Consiguientemente, al regirse las nulidades procesales por un régimen taxativo y restrictivo en cuanto a su planteamiento y resolución, no es posible considerar validos aquellos reclamos que no cumplan con los criterios establecidos en la ley y en la jurisprudencia para su procedencia, situación que acontece en el caso de autos, al evidenciarse que el recurrente no ha cumplido con su deber de exponer y acreditar los presupuestos necesarios que sustenten la nulidad reclamada, por lo que este Tribunal no puede considerar favorablemente lo impetrado por el recurrente.

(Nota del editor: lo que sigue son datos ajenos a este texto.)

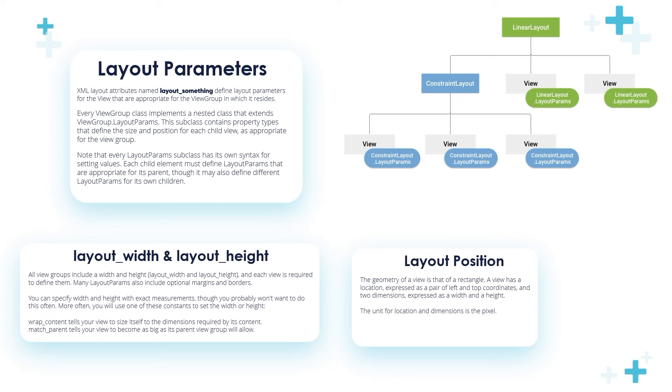The layout_width and layout_height are layout attributes. All ViewGroups include a width and height property, and each View is required to define them. It's required - very important point. Many layout parameters also include optional margins and borders. You can specify width and height with exact measurements, though you probably won't want to do this often.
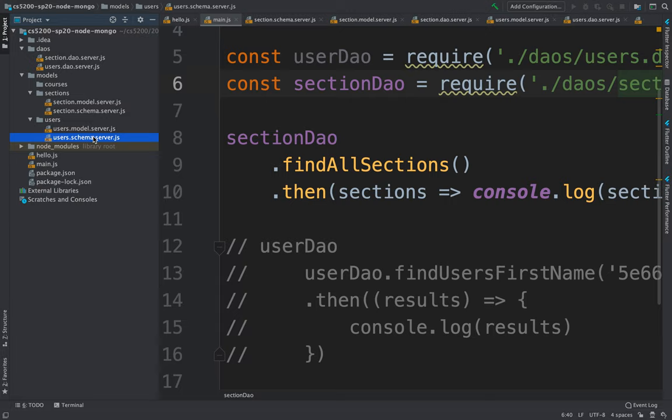Another alternative, because we are using JSON, is that the user can maintain an array of all the sections they are enrolled in. We can push new sections into that array, so it can be used as a collection of foreign keys — basically a collection of foreign keys referencing sections.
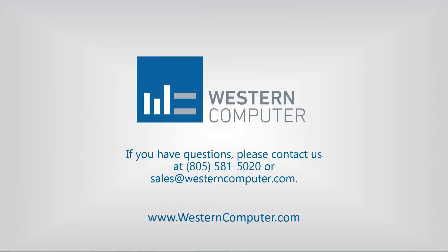That concludes today's video. Be sure to subscribe to our channel to stay up to date on all the latest video releases. Thank you for watching.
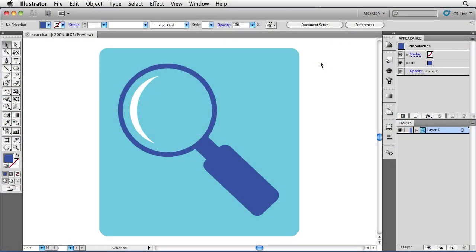Hello, and welcome to another episode of the Creative Suite Podcast. My name is Morty Golding, and my buddy Terry White asked me if I could do a couple of video tutorials around using Illustrator. A lot of people, especially those maybe coming from Photoshop, sometimes struggle with drawing inside of Illustrator.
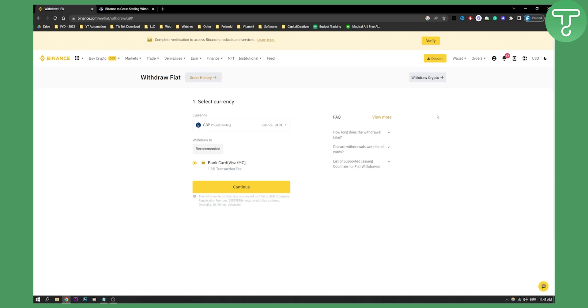Now, once you move your funds to Kraken, you will be able to send it to Ledger and spend money with your Ledger credit card or debit card.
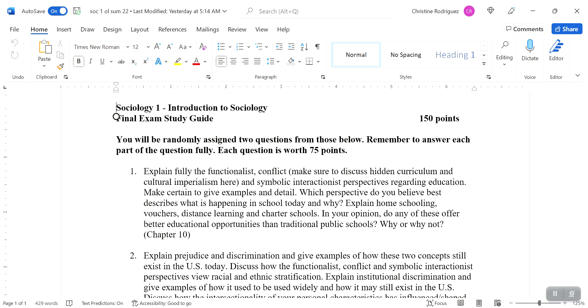And then finally, explain homeschooling, vouchers, distance learning, and charter schools. Those are all discussed in the text. So I won't go over them in a lot of detail here because I think there's a really good discussion in the text. In your opinion, would any of these offer better educational opportunities than traditional public schools? So after you've explained them, think about do you think any of these offer better educational opportunities than traditional public schools? If you think one or more do, fine, tell me why. If you think none of them do, fine, tell me why. Just make sure you're explaining how you reach your conclusion. Remember, that's always the important part in an essay.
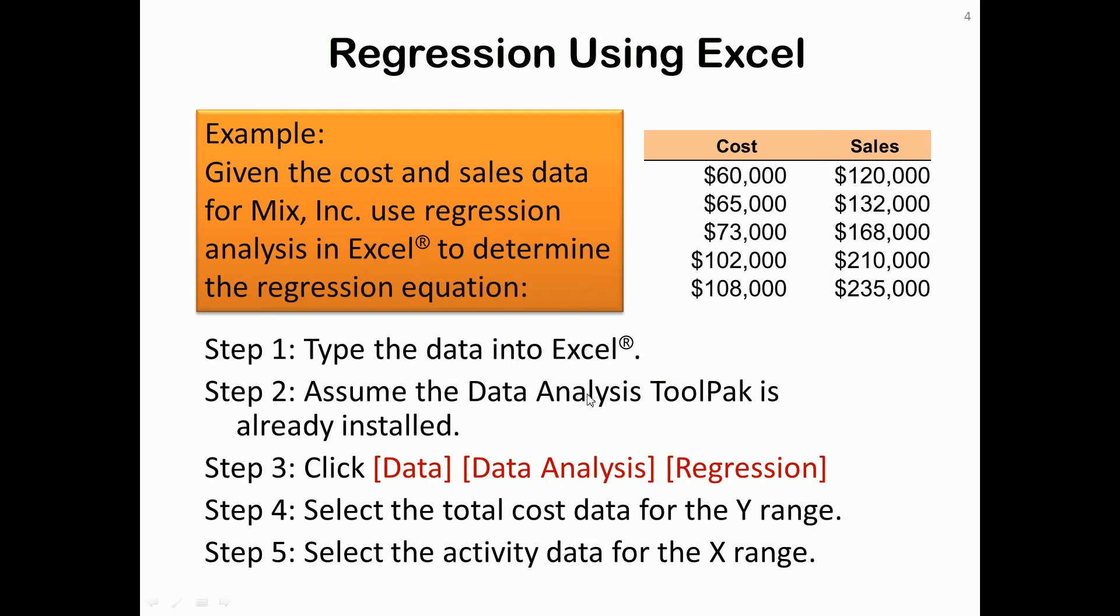The data analysis tool pack probably is already installed, especially if you're using a computer on campus. If not, then you'll need to go through the appendix of this chapter to learn how to install it.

Finalmente, respecto al segundo punto sobre el que el recurrente solicita la revisión de oficio con relación a la incompetencia en razón de materia del Tribunal de Sentencia para el juzgamiento del delito de Lesiones Culposas, corresponde señalar que, habiéndose declarado fundado, en el punto IV.3 del presente título, el segundo motivo de casación, donde se reclamó la falta de consideración de la apelación incidental formulada contra la resolución que rechaza la excepción de incompetencia planteada en juicio por el acusado bajo los mismos argumentos, el Tribunal de alzada, en cumplimiento del presente fallo deberá proceder a la emisión de un nuevo Auto de Vista en el que se pronuncie fundada y congruentemente sobre este aspecto, en consecuencia, no corresponde a este Tribunal emitir mayor criterio sobre cuestiones que por efecto del presente fallo deberán ser analizadas previamente por el Tribunal Ad quem; deviniendo este motivo casacional en infundado.